Aranan istikrar ve “ikinci devre”

Genel Seçimler yaklaştıkça sokaklar hareketlendi. İktidar partisi olmadık iddialara dayalı broşürler yayınlar hale geldi. Trabzon’da Sayın Başbakan’ın futbolculuğu ve attığı goller gündeme oturdu. Türk’ü içlerine sindiremeyenler, Türkçe yer adlarını değiştirenler seçim döneminde Albayrak, Türkiyem ve Türk’ten bahseder oldular. “Biz hepimiz birlikte Türkiye’yiz” sloganı ile milli kimliksizlik nasıl bağdaşabilir. Bu yanlışları yapanlar Türk Milletinin herhalde unutkanlığına güvendiler. İstanbul 2. Bölgede üst sıralardaki bir hanım adayın  “Anayasa’dan Türk kimliği çıkmadıkça Türkiye demokratikleşemez”  sözleri unutulmadı. İl başkanının, iktidar sayesinde Türk olmadığımızı öğrendik, sözleri de...

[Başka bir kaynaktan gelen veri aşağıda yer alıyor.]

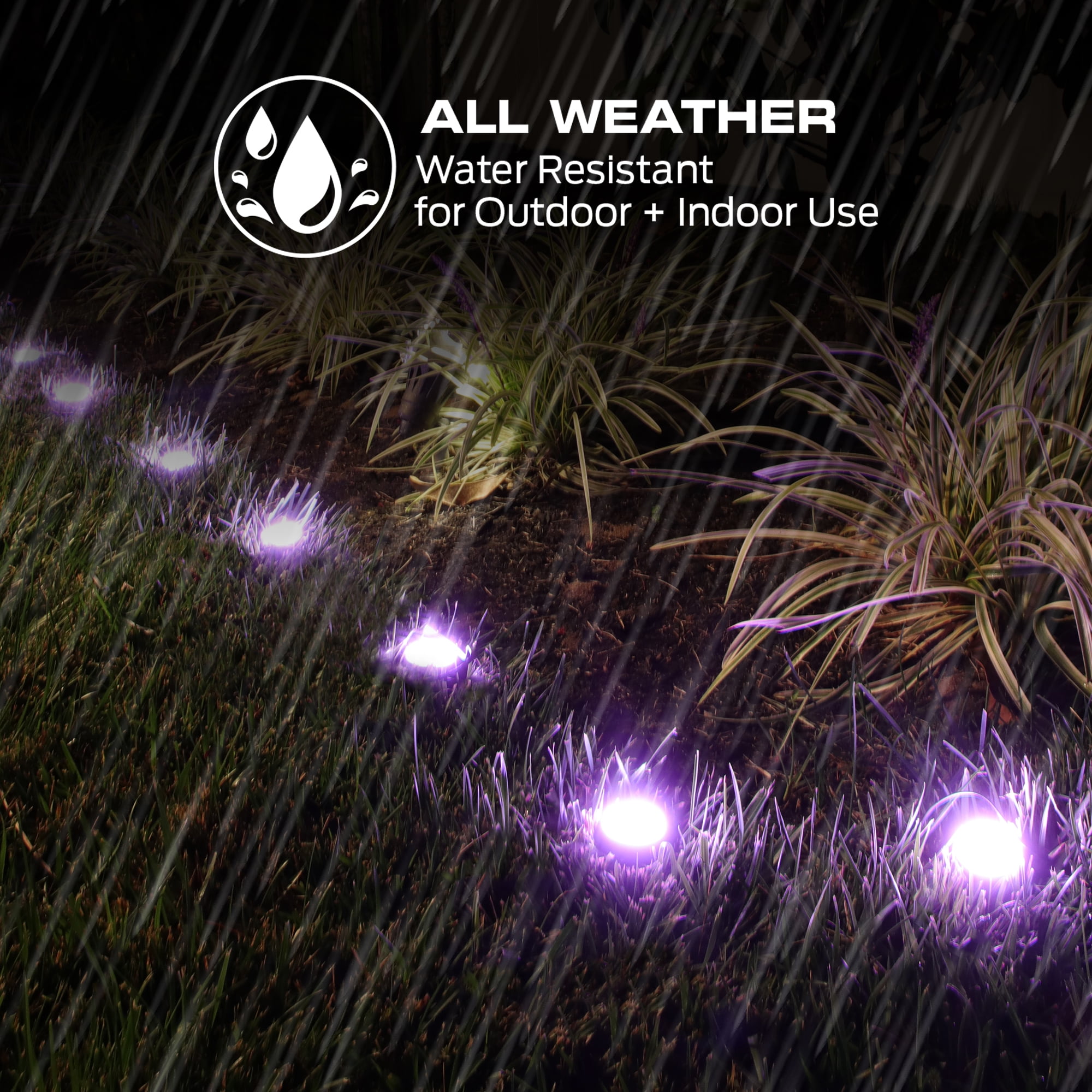 Monster Smart Lighting Outdoor Ground Lights, RGBICWW Multicolor Accent LED Yard Lights, for Christmas, Halloween, Party, Gameday and More, 50 ft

İstikrar kelimesi o kadar istismar ediliyor ki, hedef alınan büyüme hızına ulaşamama, gelir dağılımının daha da bozulması, dar ve sabit gelirlilerin içine düştüğü perişan durum, tarım dışına çıkmış 2 milyon çiftçi, köylerin ve bazı şehirlerin boşalması, artan cari açık, dış borç ve fiilen %18,4 olan işsizlik, istikrar diye yutturuluyor. Aslında bunların da ötesinde bir ülkede millî kimlik tartışmaya açılmışsa, etnik çağrışım yaptığı iddia ediliyorsa; o ülkede istikrardan hiç bahsedemezsiniz. Fethin -Fetihin değil- 562. Yıldönümünde kutlama düzenlemek güzel... Ama unutmayalım ki, son yıllarda Edirnekapı surlarındaki törenler bile dışarıya hoş görünmek uğruna kuşa çevrilmişti. Yeni Türkiye bunu gerektiriyordu.

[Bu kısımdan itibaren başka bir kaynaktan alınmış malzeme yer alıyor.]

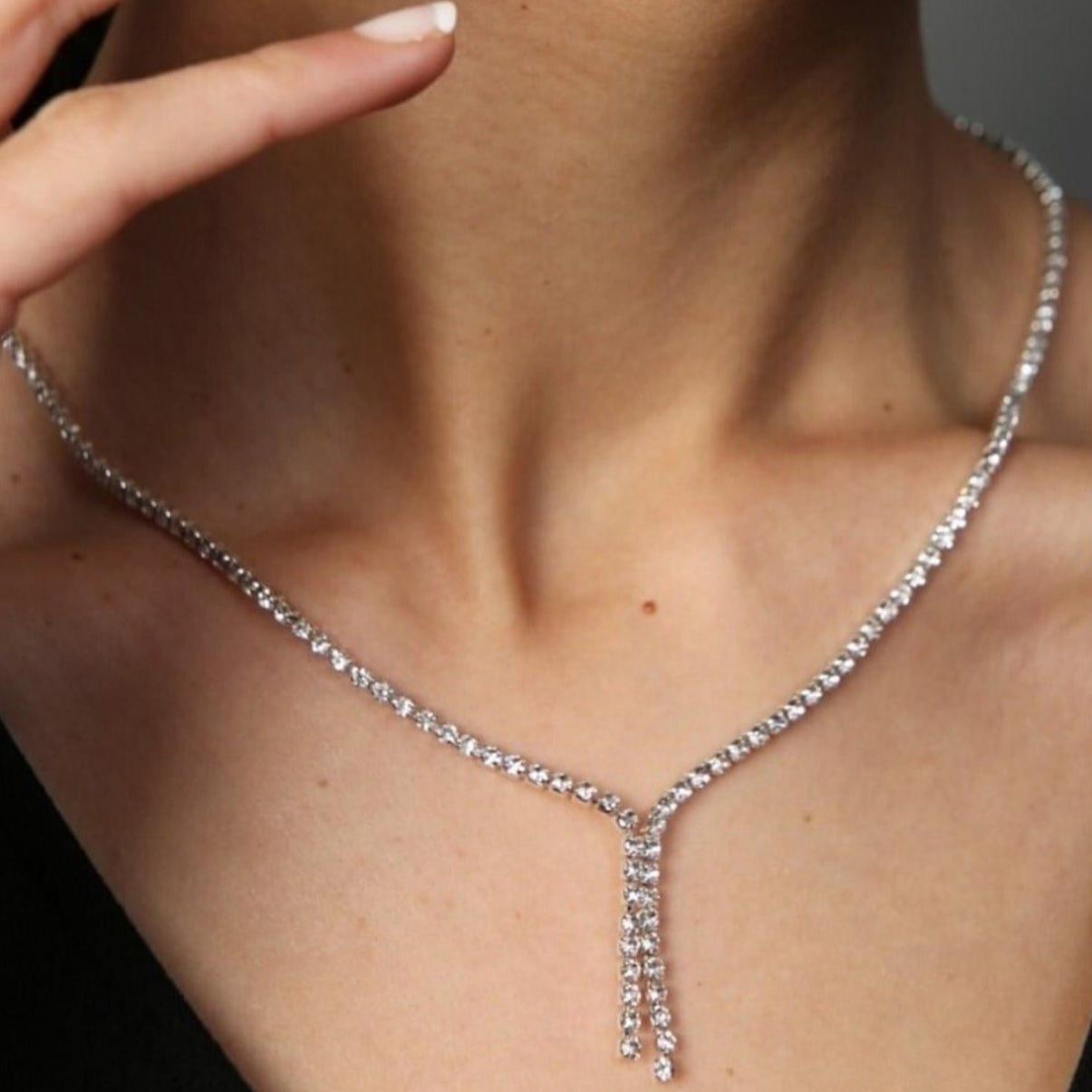 

Women s Silver Color Zircon Waterway Evening Dress Necklace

TV ekranlarında iktidarın bolca reklamları var. Bizim hiç bilmediğimiz ve tanık da olmadığımız bazı yanıltmalar ortada geziyor: “Meyve ve sebze bol ve ucuz.” Demek ki bu bol ve ucuz meyveyi almak için manavların önünde kuyruğa girmeyen dar ve sabit gelirli suçlu...  “Büyüme devam etsin”  etmeye etsin de acaba kimler büyüsün? Öngörülenin altında kalan %2,6’lık ve dış borç çarkını çeviremeyecek, borcu ödemek için ülkeyi tekrar borçlandıracak bir hayali büyüme mi? Tarım ve hayvancılığın canlandığını iddia eden reklam gerçeklerle alay etmektir. Tarımda üretim düşüyor, ithalat ise rekora koşuyor. IMF’den artık borç almıyoruz ama son 13 senede 3 kat artan dış ve iç borç neyin nesi? Çoğu kullanılamaz olan döviz rezervlerindeki artış acaba neyin karşılığı?

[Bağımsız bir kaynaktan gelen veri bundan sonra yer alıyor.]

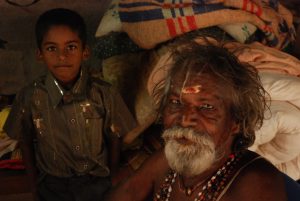 Mutthaiya with his grandson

ABD’nin Orta Doğu’da sıcak savaşa girmeme politikası ve sorunlara fazla bulaşmama anlayışı karşısında Türkiye’nin ABD ile Suriye’deki muhalefeti silahlı hava gücü ile destekleme kararı ve Suriye’deki savaşa bilfiil katılacak olması acaba dış politikadaki istikrarın bir gereği mi? ABD, IŞİD ve benzeri terör örgütlerini hedef almış ve Suriye’deki yönetimin değişmesini pek istemiyor; ama biz hâlâ Esed yönetimi diyoruz. Irak ve Suriye’deki gerçekleri yanlış okumak ve Suriye ile Irak’ın kuzeyinde terör örgütüne alan açmak başarı ve istikrar sayılabilir mi? Türkiye’yi Suriye’de savaşa sürüklemeyi isteyenler, aslında bir taşla iki kuş vuruyor. İki milyonu aşan Suriye’den gelen mülteciler Genel Seçimlerde oy kullanacaklar mı?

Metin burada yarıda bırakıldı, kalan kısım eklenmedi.